During the craziness that was our latest mini-war, we sought an oasis of sanity in which to enjoy an afternoon of tranquility. The irony was not lost on us that we found it in a cluster of Arab villages in the Jerusalem Corridor: Abu Ghosh and Ein Rafa, adjacent to Ein Hemed National Park.

We last visited a restaurant in this area on these pages several years ago: Majda.

It turns out that a young sous-chef working there, Jay Jalil, was discovered by chef Meir Adoni, who recruited him to work at his flagship restaurant in Tel Aviv at the time, Catit.

Now, the American-born Jalil has returned to the village to helm the kitchen at Reshta, the restaurant founded by chef Ranem Barhum four years ago.

“Reshta is a farm-to-table restaurant,” says Barhum. “We grow most of our own vegetables, and purchase the rest from local farmers.”

The three restaurants operating in the village enjoy an unusually cooperative relationship for would-be competitors, since Majda is open only on weekends, and the third establishment serves only breakfasts. Reshta serves lunch and dinner six days a week; it is closed on Sundays.

“When we opened,” Jalil recalls, “the owners of Majda closed and brought all their customers to us.” The two restaurants continue to refer their overflows to the other.

There are a number of similarities between Reshta and Majda, both when it comes to decor and menu. The place to sit in both is on the shaded stone patios surrounded by greenery. Some of Reshta’s dishes are variations on what Jalil used to prepare in Majda.

The food menu (in Hebrew only, although the chef’s native language is English) at Reshta comprises five sections: Appetizer Platter (NIS 50), Starters (NIS 34-60), Main Courses (NIS 75-110), Desserts (NIS 20-30) and Kids’ Meals (NIS 50). Although there are no vegetarian main courses, there are ample vegan/vegetarian options in the other categories. Special dishes are prepared on weekends.

As we sat down in anticipation of a chef-selected tasting menu, our friendly waiter Moustafa brought a welcome drink: tamarind juice. Thick and sweet, when diluted with water and ice it served as a refreshing drink throughout the meal.

The meze platter may be a familiar institution in Arabic restaurants, but right away one notices the difference here: there are none of the ubiquitous servings of hummus, tehina or baba ghanoush.
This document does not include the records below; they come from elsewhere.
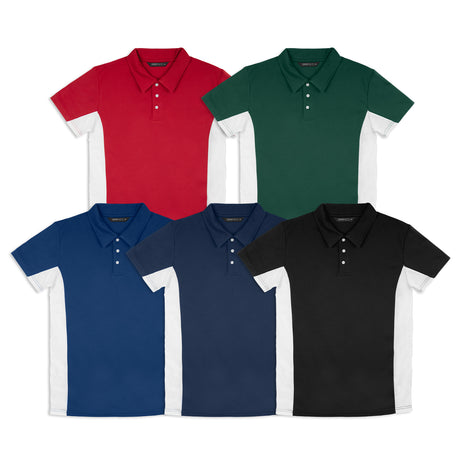 TRENDSWEAR Harvey Mens Polo - Colour Range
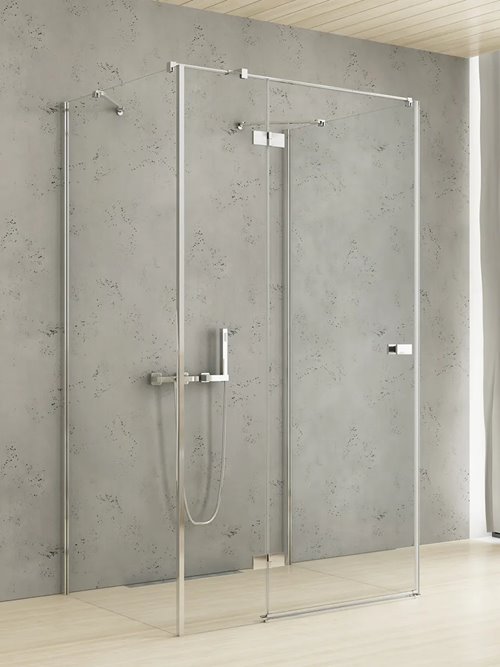 Kabina prysznicowa przyścienna 90x90 EXK-1253 Reflexa New Trendy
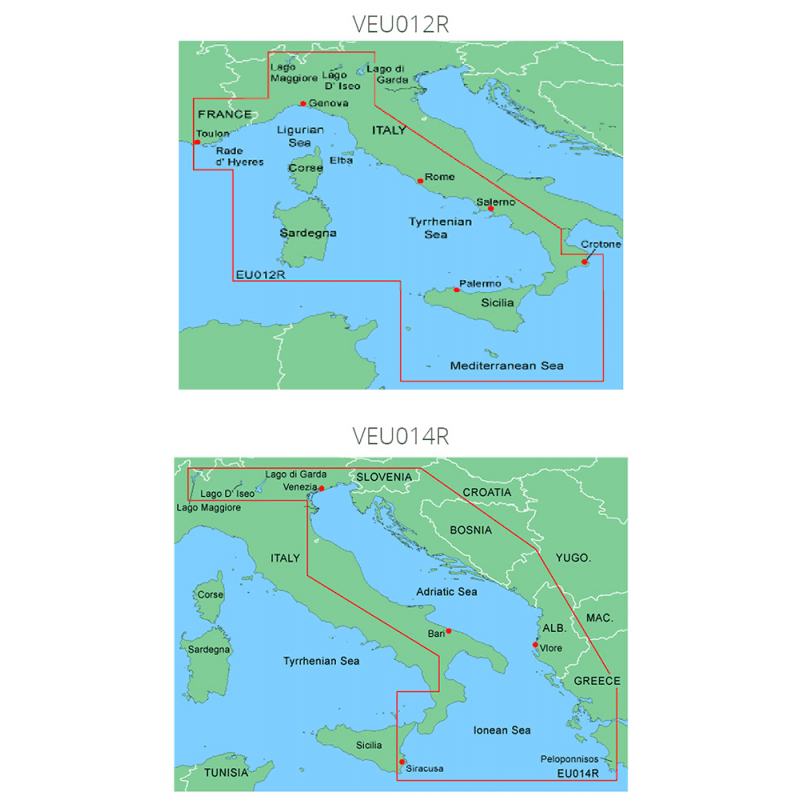 CARTOGRAFIA BLURCHART G3 HD VISION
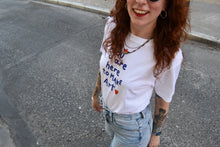 Load image into Gallery viewer, Make art | T-shirt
The accompanying piping-hot loaves of focaccia-like pitot, baked in the tabun oven on the premises, are also slightly unusual.

“We want to distinguish ourselves from the run-of-the-mill shipudiya,” says Jalil. “There are plenty of those across the road [in Abu Ghosh].”

Instead, we were treated to a colorful array of six salads, which rotate daily in accordance with the availability of the freshest produce. Alongside olives cured in sumac, strips of pickled red pepper, a mild tomato salsa and tomato and garlic confit were two standout salads: the house tzatziki, and glistening chunks of ruby-red beets. The former was made from goat yogurt and labaneh generously laced with cucumber and garlic and sprinkled with toasted slivered almonds, while the latter were beets in a robust (and not sweet) marinade, served with pecorino cheese.

Next came two very different starters, each made for sharing. We commenced with the Za’atar Sticks – savory twigs of pastry stuffed with kashk (a cheese fashioned from strained yogurt), seasoned with Lebanese sumac, za’atar and olive oil. Like any familiar salty snack (e.g., peanuts or pretzels), these were just as addictive, although infinitely more complex.

The Kubbe Siniye, meanwhile, might be considered Reshta’s signature starter: a quiche-like mixture of burghul and lamb, in a rich yet mild blend of seasonings, and featuring more of the restaurant’s trademark toasted slivered almonds.

At first, my companion balked at the very idea of lamb, but the owner suggested we give it a try, insisting that this lamb is different from anything we might have had in the past. And he was right: the tabun-baked siniye was so good we could have eaten it as a main course.

Later, Jalil revealed the secret: “Most lamb and sheep in Israel are fed oats, and the result is a strong smell and taste that puts many people off. We, on the other hand, source grass-fed lamb, which is something else entirely.”

Our main course was perhaps Reshta’s flagship dish: the restaurant’s interpretation of a classic Chicken Musakhan – half a golden-brown spring kitchen, impressively plated on a house pita smothered with caramelized onion and chopped parsley, and surrounded by a bed of canary-yellow lemon cream with pine nuts and – naturally – toasted slivered almonds. This had not been our initial choice of main course; but once again, the chef proved right: this was an exceptional dish, enhanced by an intense lemon condiment (which had to be employed cautiously, lest it overpower the poultry).

Desserts are the usual suspects from Levantine cuisine, but our kanafeh – indeed, like all the rest of what we tasted during our leisurely meal – was a cut above what Israelis are likely to find in other local restaurants.

Reshta
Not kosher
Hama’ayan, Ein Rafa
Tel. (02) 994-8520, 053-611-2763
The writer was a guest of the restaurant.